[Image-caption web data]
============
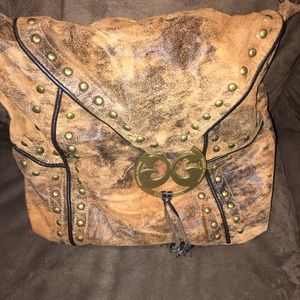 House of Dereon Crossbody Bag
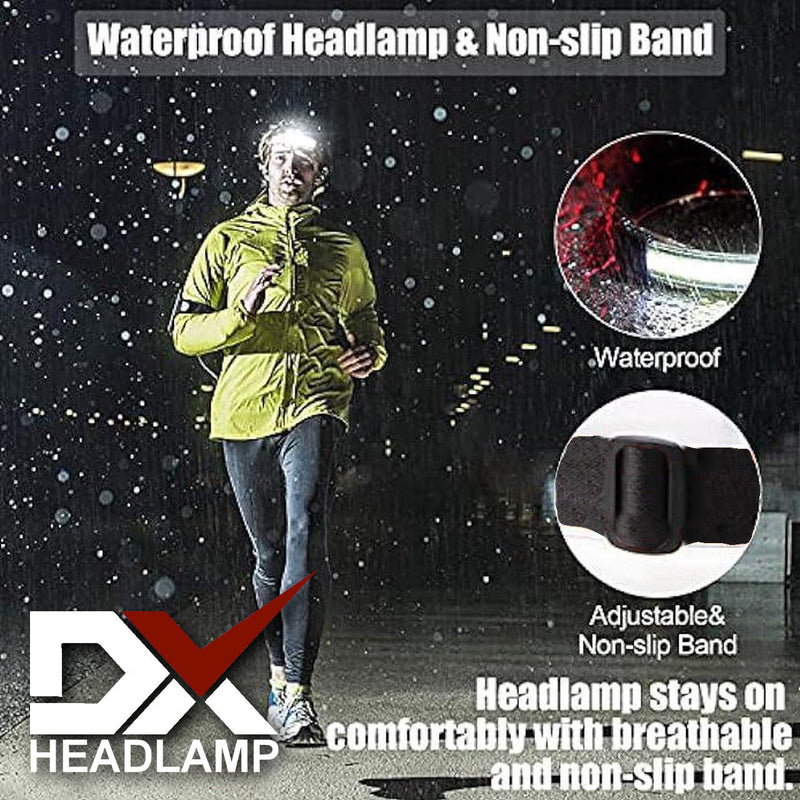 Load image into Gallery viewer, DX HEADLAMP
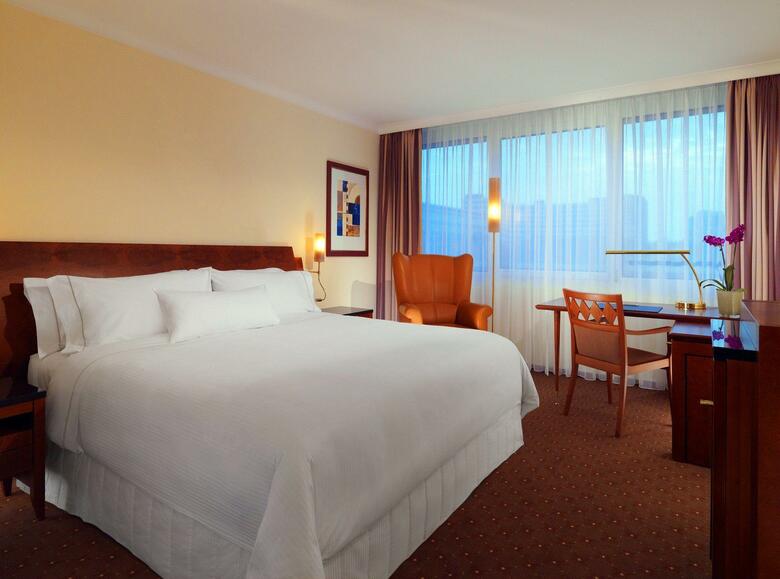 Hotel The Westin Grand Munich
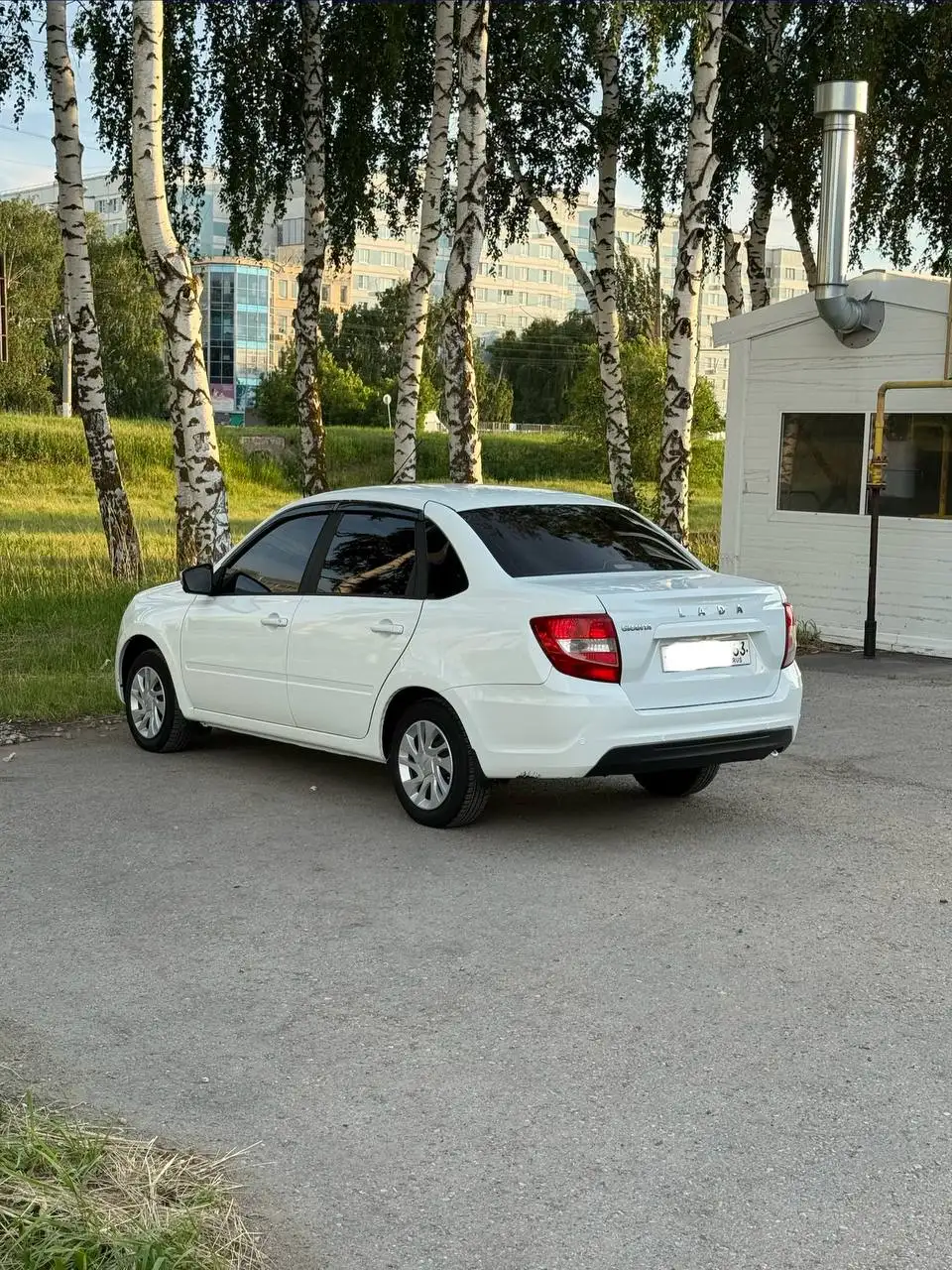 Лада Гранта FL 2019 - Легковые автомобили (Авто) в Тольятти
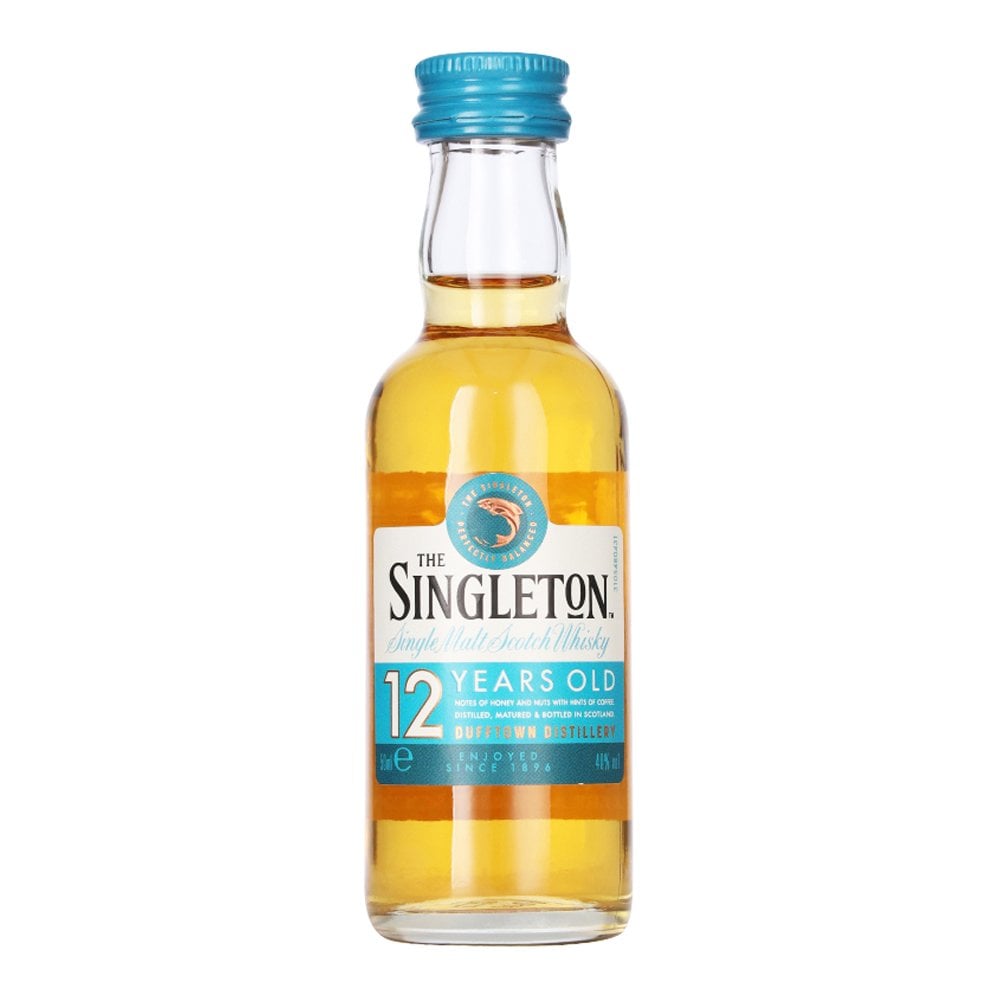 Singleton 12yrs 50ml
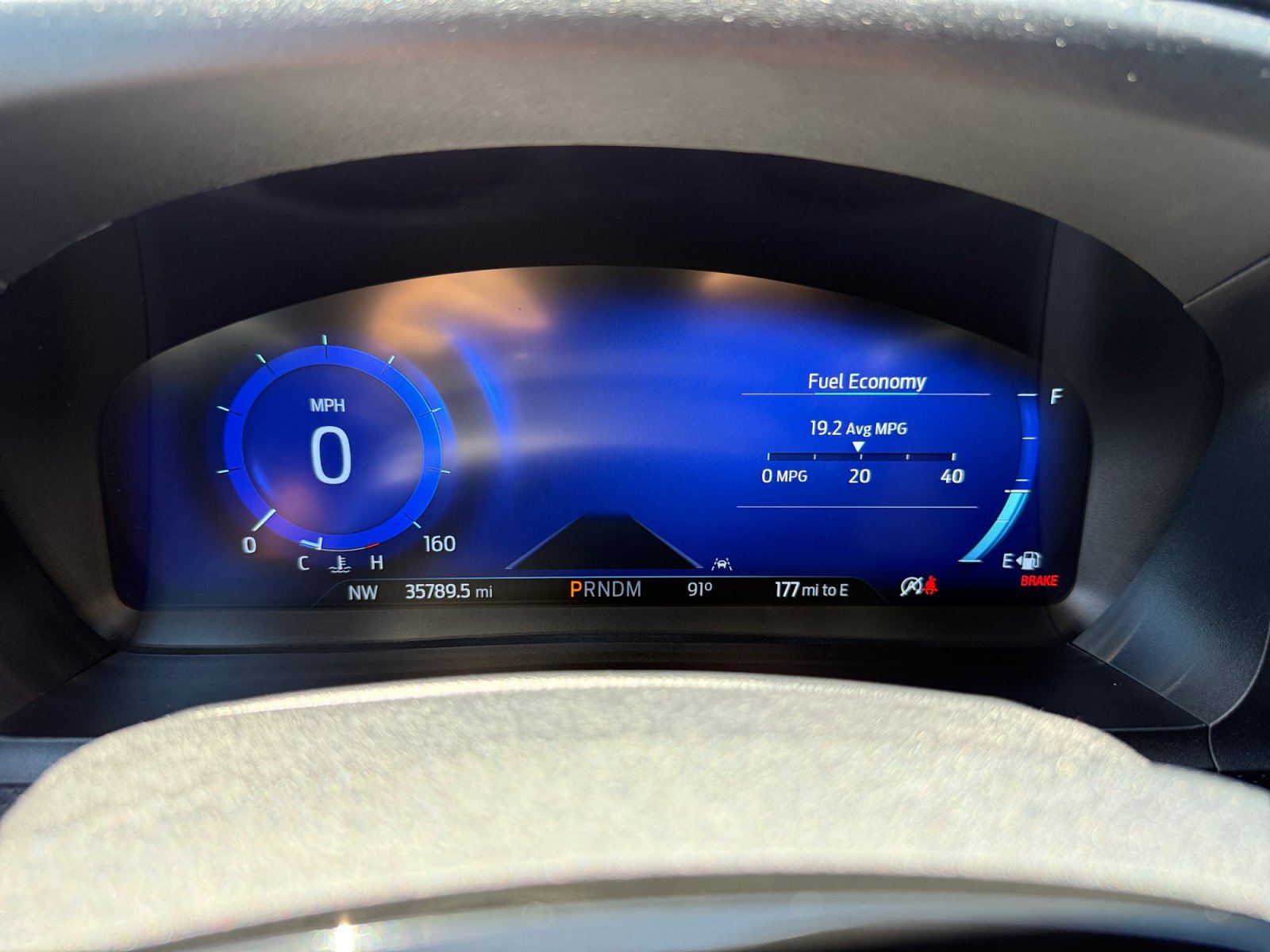 Used 2023 Ford Explorer ST w/ Equipment Group 401A AWD/4WD image 11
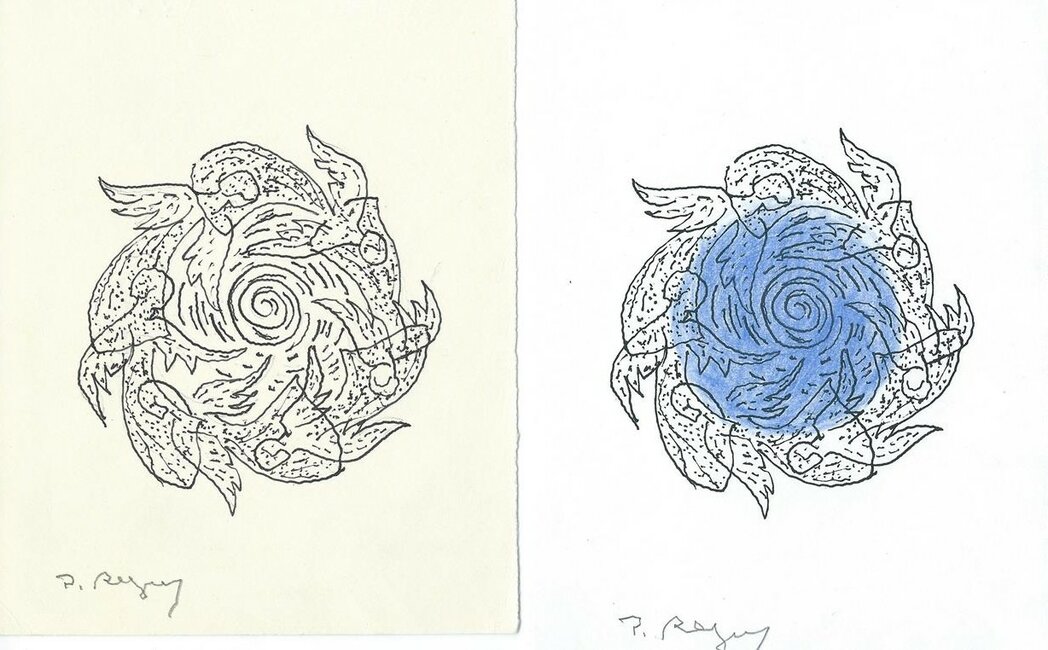 Projet pour Laudes, juillet 1997 (rejeté) 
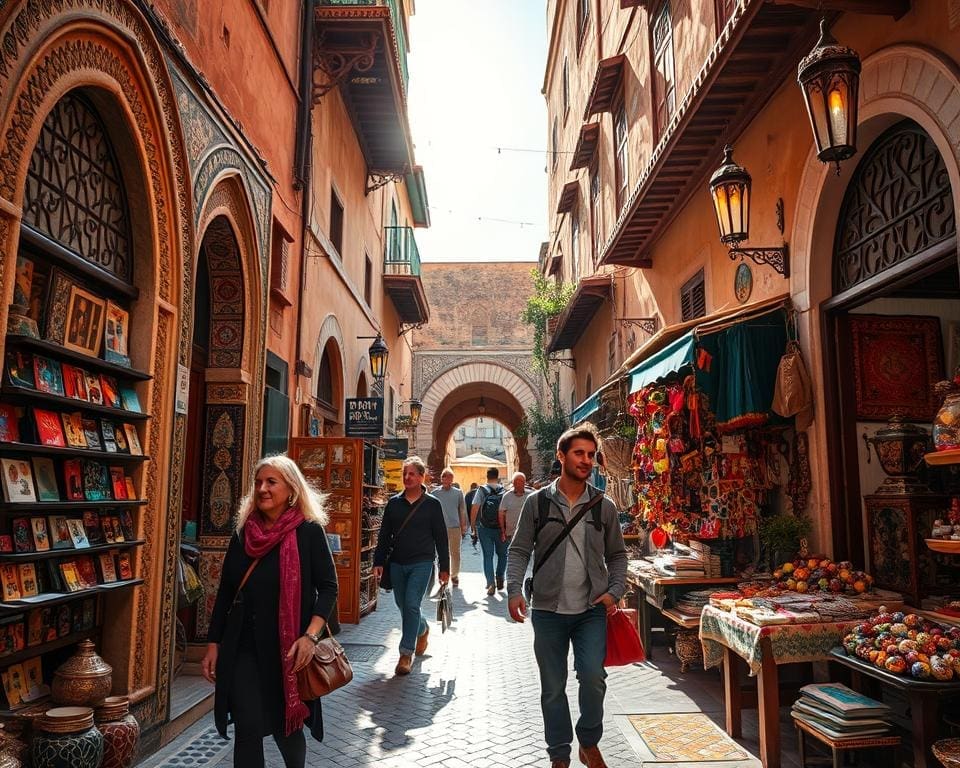 cultuur in Fes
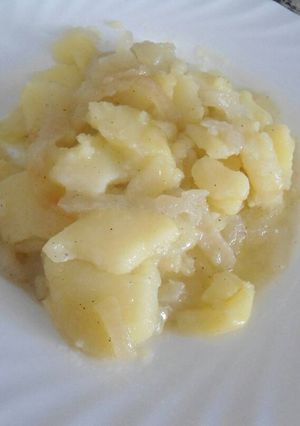 Foto principal de Patatas a lo pobre
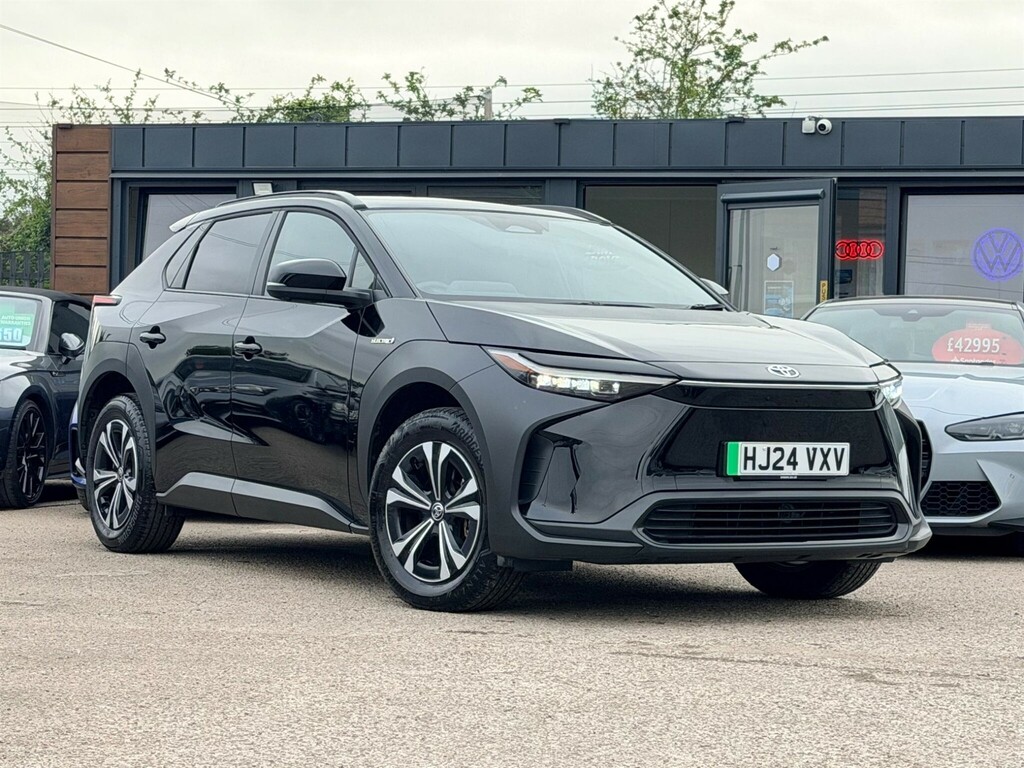Toyota bZ4X 71.4Kwh Motion 11Kw Obc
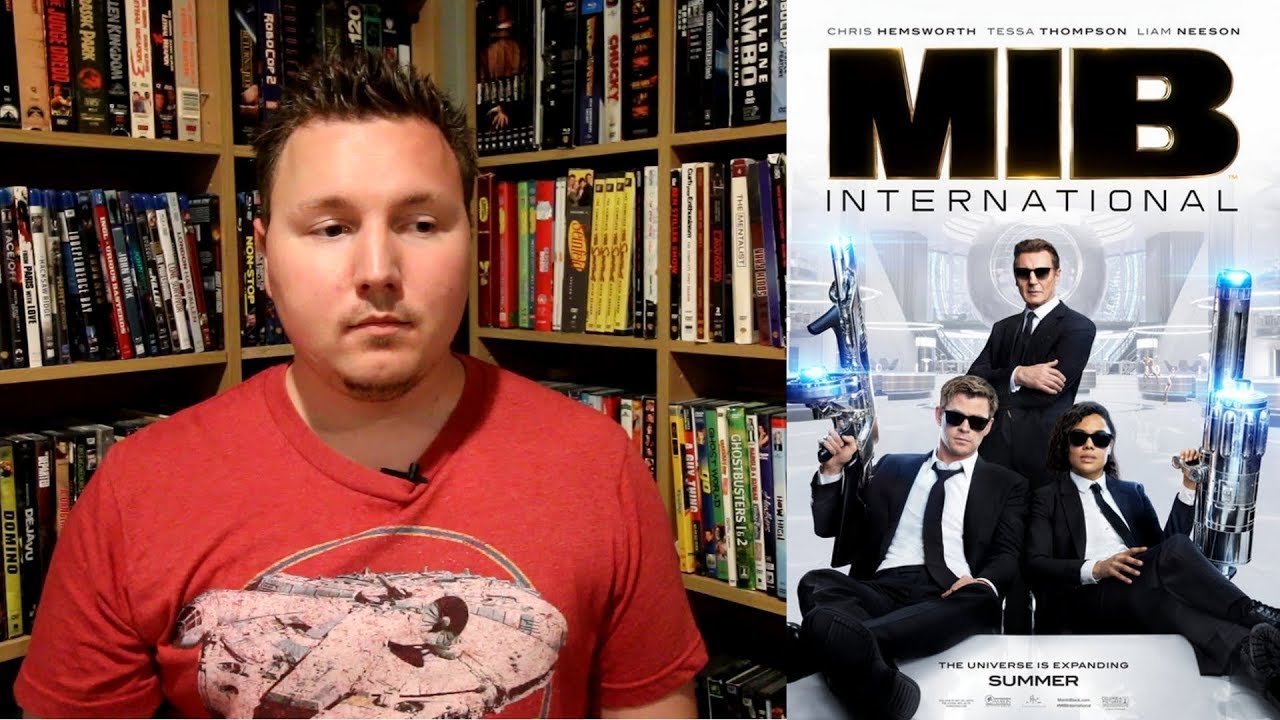 Men In Black: International (SPOILER FREE)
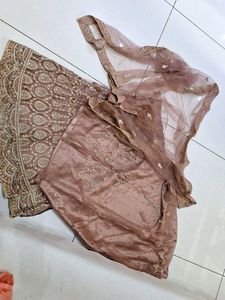Girlish Lehenga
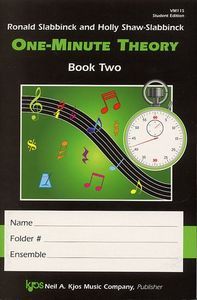 One-Minute Theory Book 2 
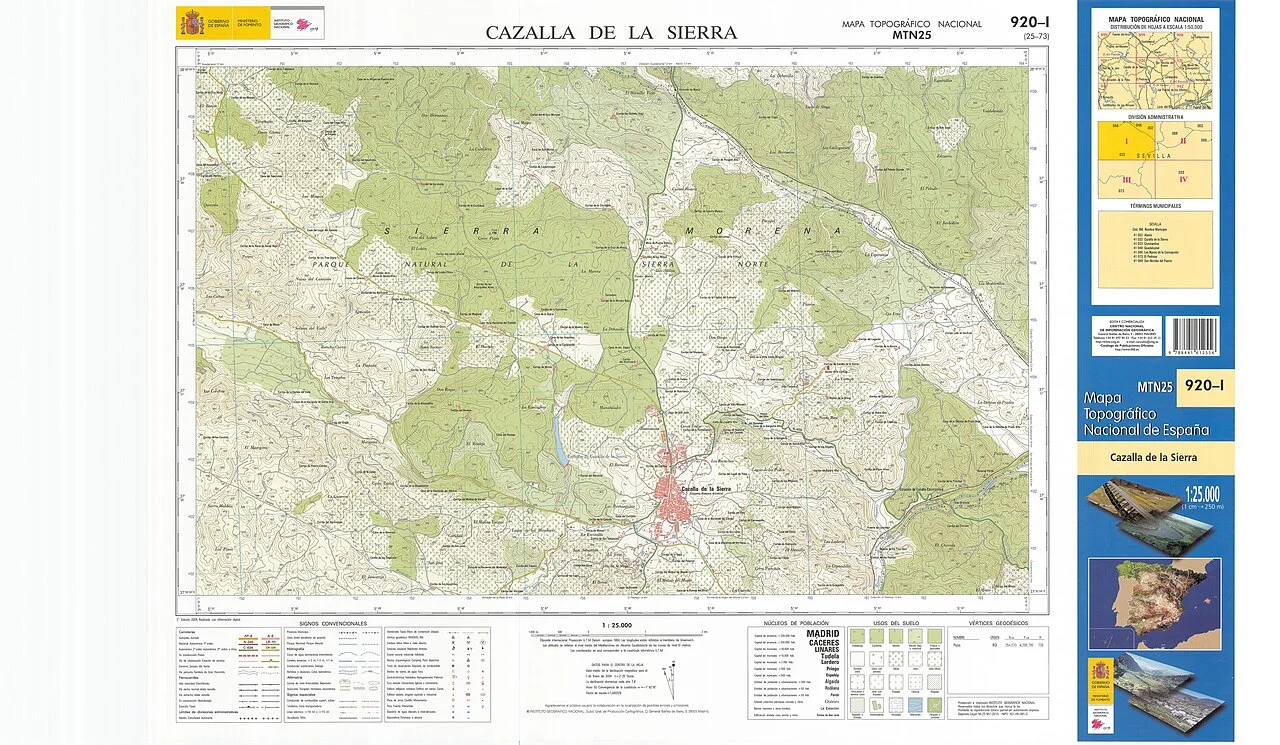 Photo of Cazalla de la Sierra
============
Beginning with the line that holds "Men In Black: International (SPOILER FREE)" and continuing to the end of the entries above, set down each line exactly, both ends included; include no pictures.

§ **Solution to this exercise**:
 Men In Black: International (SPOILER FREE)
Girlish Lehenga
 One-Minute Theory Book 2 
 Photo of Cazalla de la Sierra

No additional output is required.